The most characteristic of an Islamic society is the gender segregation. It is very symbolised by Islamic hijab. The Islamic gender segregation has an influential repercussion of the economic, education, art, architecture and many aspects of psychosocial traits of collective life, It sets an Islamic way of life for the society.
The gravity of imposition of Islamic hijab on Iranian society is unfortunately ignored by the human rights organisation's and those who have condemned Apartheid in South Africa. Today, the gender segregation of the IRI systematically causes more acts of violence and humiliation than the past racial segregation in South Africa.
Intellectual calls must internationally be louder, demanding civil rights for the countries led by Islamic states.

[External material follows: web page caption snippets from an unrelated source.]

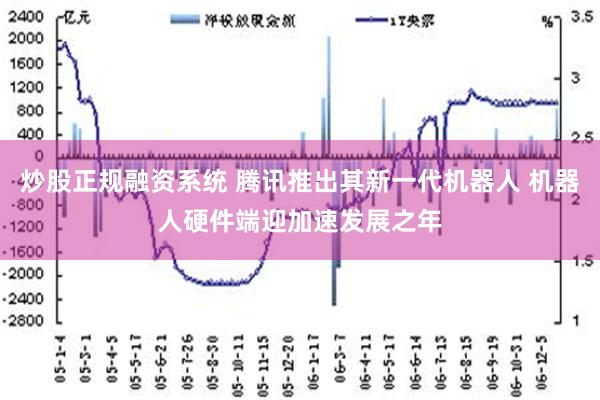 炒股正规融资系统 腾讯推出其新一代机器人 机器人硬件端迎加速发展之年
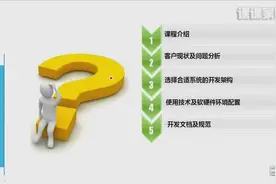 支付宝生活缴费商业项目标准版视频教程视频封面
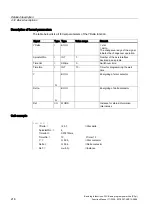 Preview for 1202 page of Siemens SINUMERIK 840D sl Function Manual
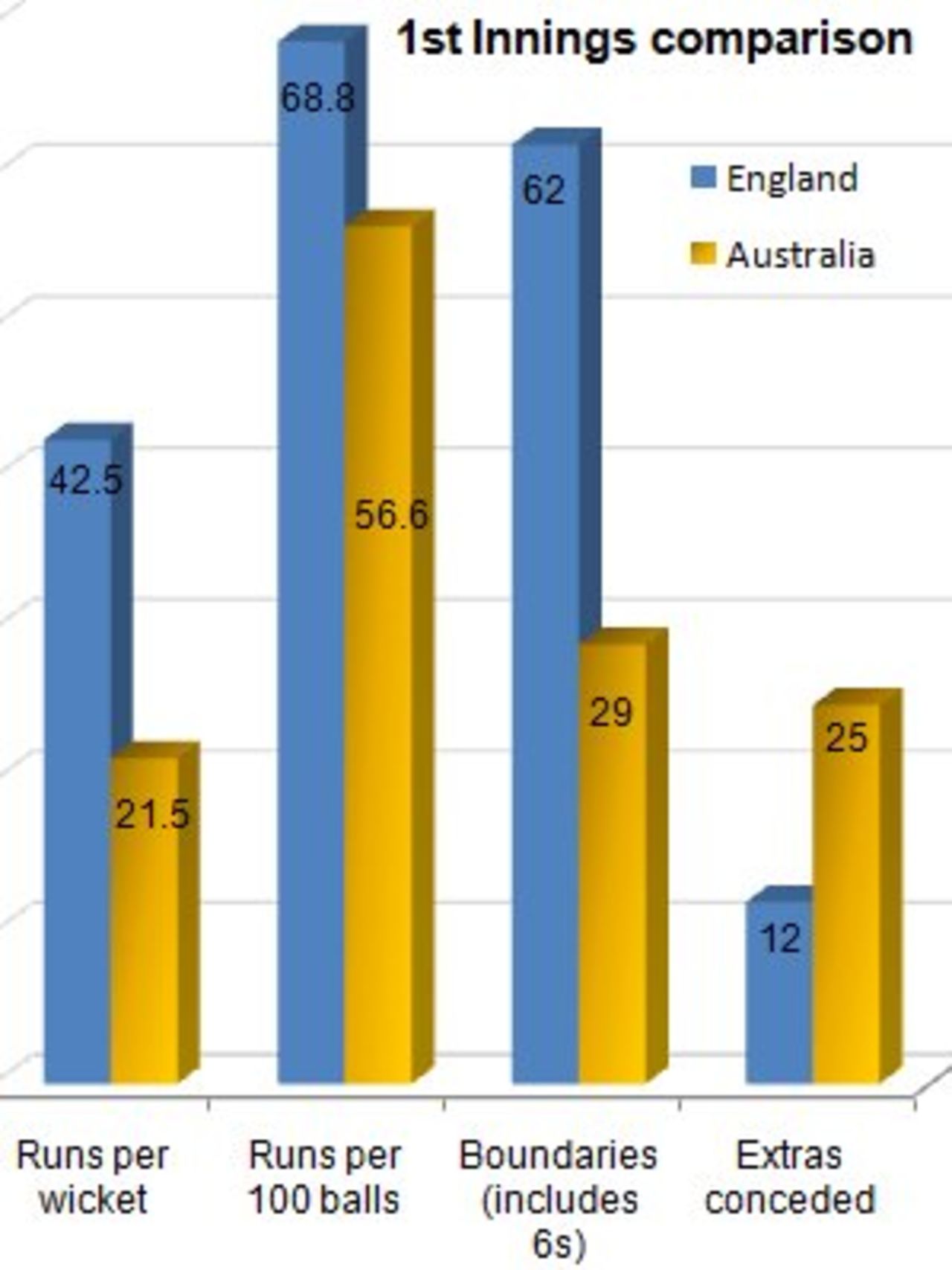 2nd Test: England v Australia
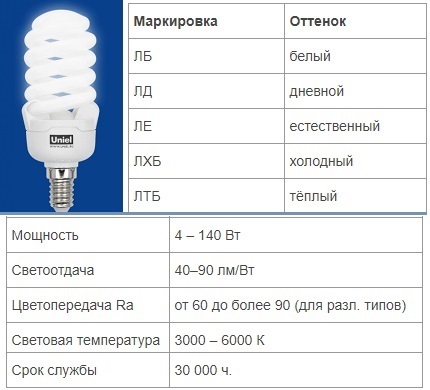 Características de las lámparas fluorescentes.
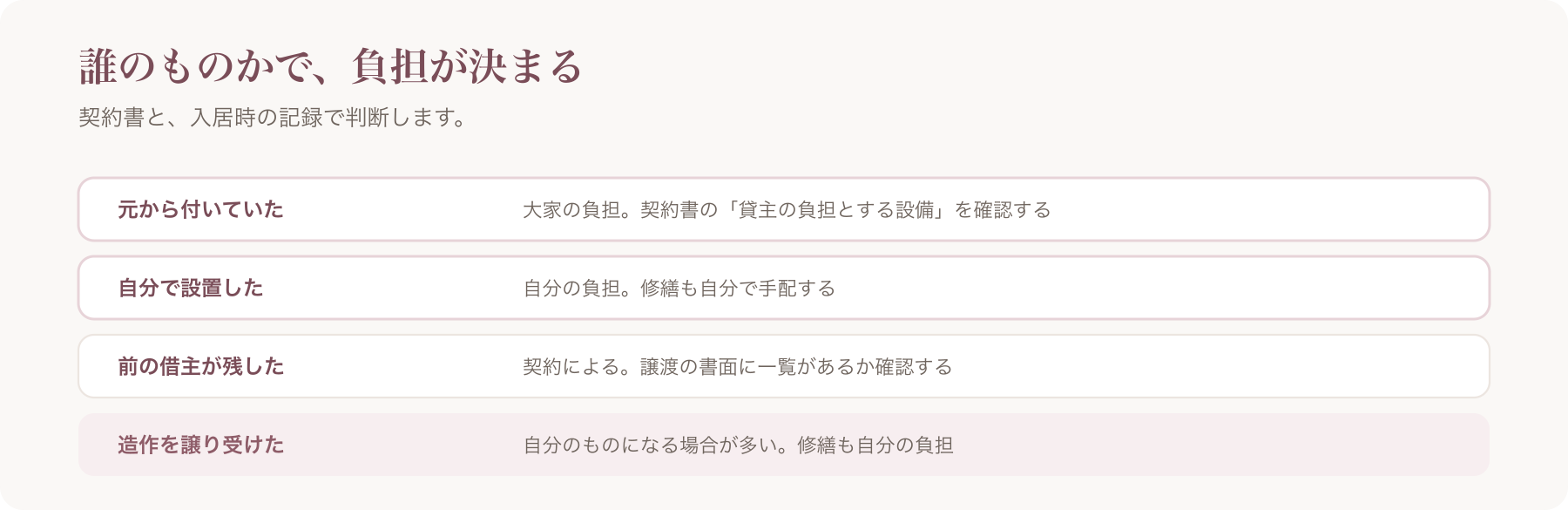 設備の出所ごとの負担を、元から付いていた・自分で設置・前の借主が残した・造作譲渡の四行で整理した図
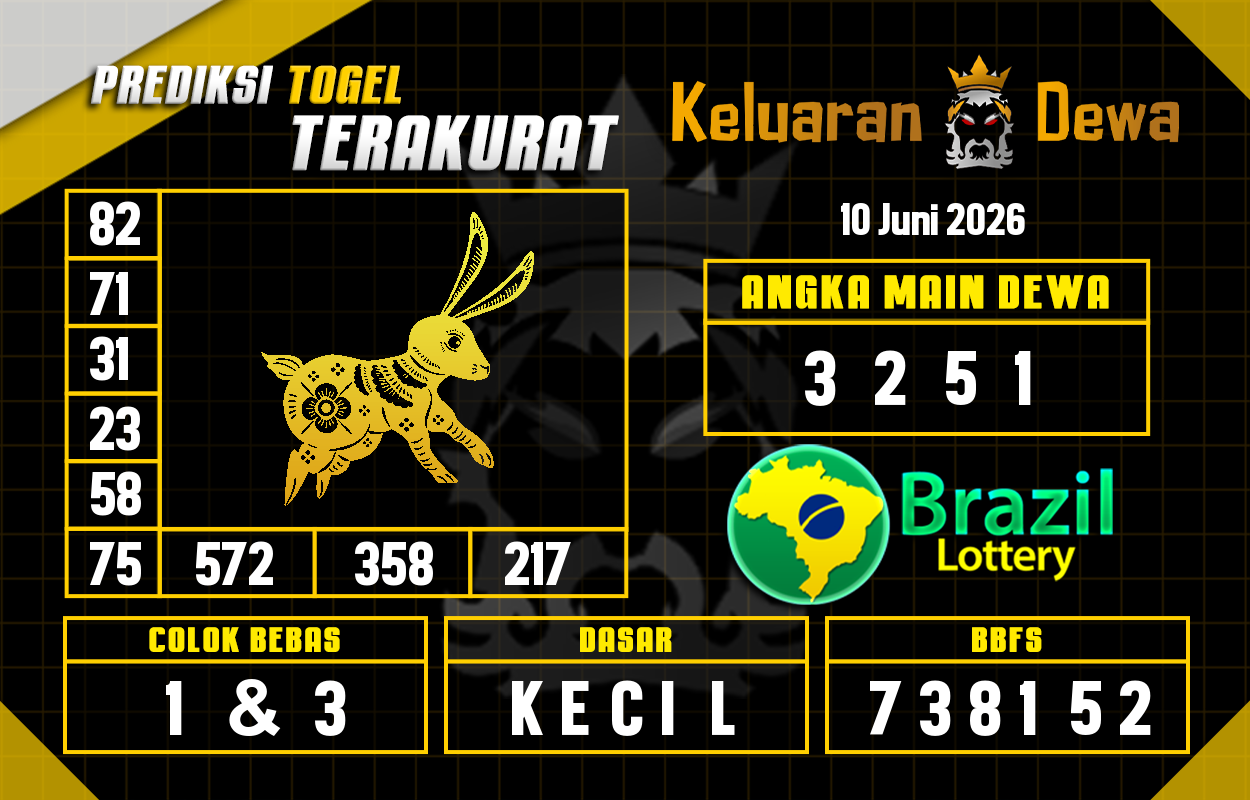 Prediksi-Keluaran-Brazil-Rabu-10-Juni-2026-Terjitu.png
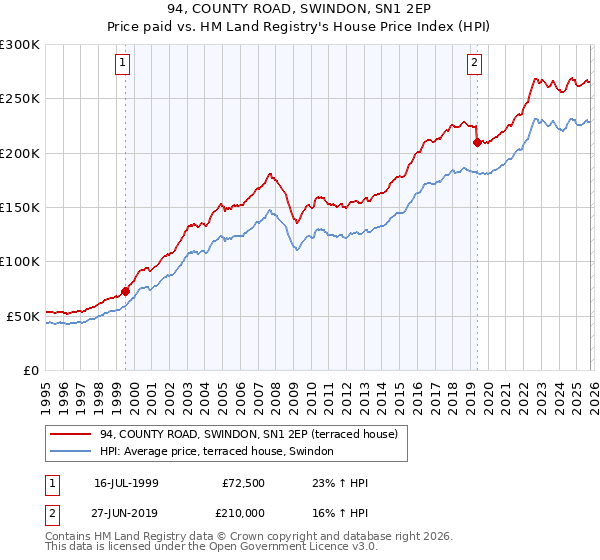 94, COUNTY ROAD, SWINDON, SN1 2EP: Price paid vs HM Land Registry's House Price Index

Civil rights which are historically the results of struggles against the Church in the West cannot be ignored in the countries led by the influence of mosques.
The question of civil rights can be also asked from some Iranian pseudo-Intellectuals who have still an eye on reforms within the IRI or lurk in wings for an Islamic alternative state. They seem either not to understand the depth of problems or cannot simply abandon their sympathy for a “better” model of Islamic state. People within IRI’s factions, like Soroush, Ebadi, Yazdi or people outside the IRI, like Banisadr, Mojahedin belong to these dubious categories.
The IRI at its early life was not to answer the question: how to reconcile the tenets of Islam with the modern notions of democracy, justice, and gender equality. In these terms, there were no important differences among the Iranian Islamists. The IRI was based on the rules and laws laid out in the Koran and Hadiths, which mandate their “legitimate” Got’s state.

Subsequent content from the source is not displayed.